Endlich bedachten sie, daß es fruchtlos und nicht heilsam sei, dem Gram beim Abendschmaus nachzuhängen, und wollten, nachdem die Diener ihnen mit Wasser die Hände besprengt, alle zur Nachtruhe aufbrechen. Helena aber, die als Zeus’ Tochter in allerlei Wunderkünsten erfahren war, warf noch vorher schnell in den letzten Becher Weins, den sie tranken, ein Mittel, das allen Kummer und die Erinnerung an alle Leiden aus der Seele vertilgte. Wenn ein Mensch von dieser Mischung trank, so benetzte ihm den ganzen Tag über keine Träne die Wangen, und wären ihm Vater und Mutter gestorben, wären ihm Sohn oder Bruder vor seinen Augen vom Schwert des Feindes durchbohrt worden. Da wurden sie alle fröhlich und sprachen noch lange in die Nacht hinein. Endlich wurde den Gästen ihr Bett von prächtigen Purpurpolstern und Teppichen unter der Halle bereitet; Menelaos und Helena aber begaben sich in das Innere des Palastes.

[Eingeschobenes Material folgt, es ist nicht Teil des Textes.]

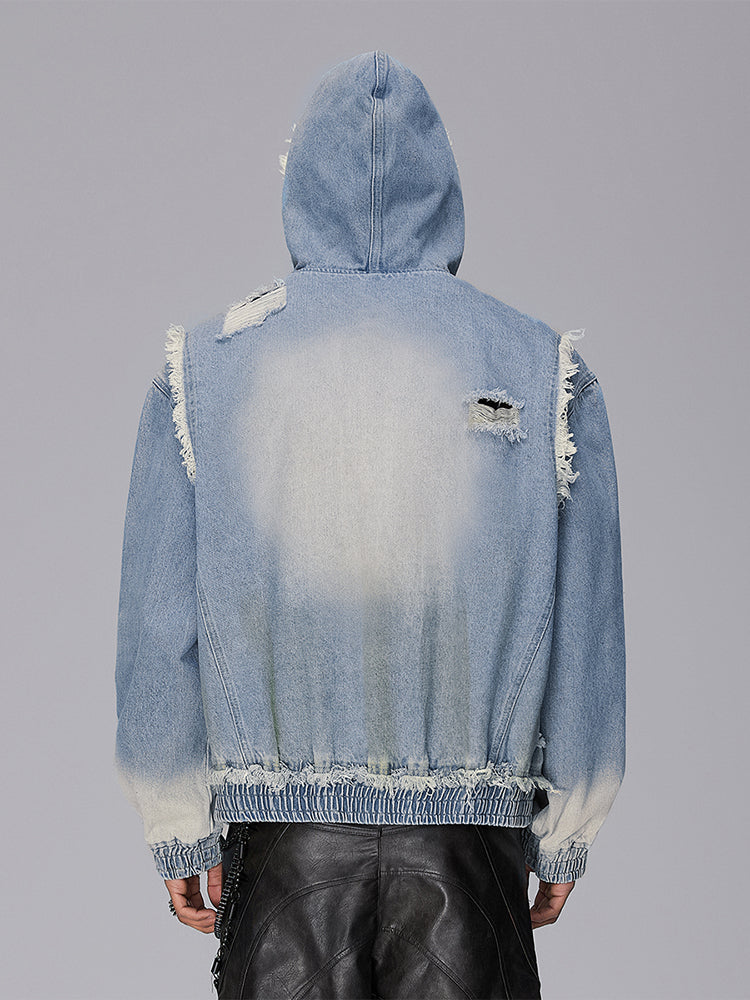 Hooded Fringe Patchwork Mud Dye hooded Denim Jacket WN18002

Am andern Morgen fragte der Fürst seine Gastfreunde über die Absicht ihrer Reise weiter aus und vernahm, wie es zu Ithaka, im Hause seines Freundes Odysseus, stehe. Als er hörte, wie sich die Freier dort gebärdeten, rief er entrüstet aus: „Ha, die Elenden, die im Lager des gewaltigen Mannes zu ruhen gedenken! Wie der Löwe zurückkommt, dem eine Hindin ihre Jungen ins Nest gelegt hat, während er im grünen Tale weidet, wird Odysseus kommen und ihnen ein Ende voll Entsetzen bereiten! Wisse, was mir in Ägypten der Meeresgreis Proteus geweissagt hat, als er, in mancherlei Gestalten verwandelt, endlich von mir gebunden und gezwungen ward, die Schicksale der heimkehrenden Griechenhelden mir kundzutun. ‚Den Odysseus‘, sprach der Gott, ‚sah ich im Geist auf einer einsamen Insel Tränen der Sehnsucht vergießen. Dort hält ihn die Nymphe Kalypso mit Gewalt zurück, und ihm gebricht’s an Schiffen und Ruderern, um in die Heimat zurückzukehren.‘ Nun weißt du alles, lieber Jüngling, was ich dir über deinen Vater zu berichten vermag. Bleib nun noch ein elf oder zwölf Tage bei uns, dann will ich dich mit köstlichen Geschenken entlassen.“

Aber Telemach dankte und ließ sich nicht zurückhalten. Nun schenkte ihm Menelaos einen silbernen Mischkrug mit goldenem Rande von unvergleichlich schöner Arbeit, ein Werk des kunstreichen Gottes Hephaistos selbst, und ein köstliches Frühmahl von Ziegen und Schafen wurde dem Abschied nehmenden Gastfreund bereitet.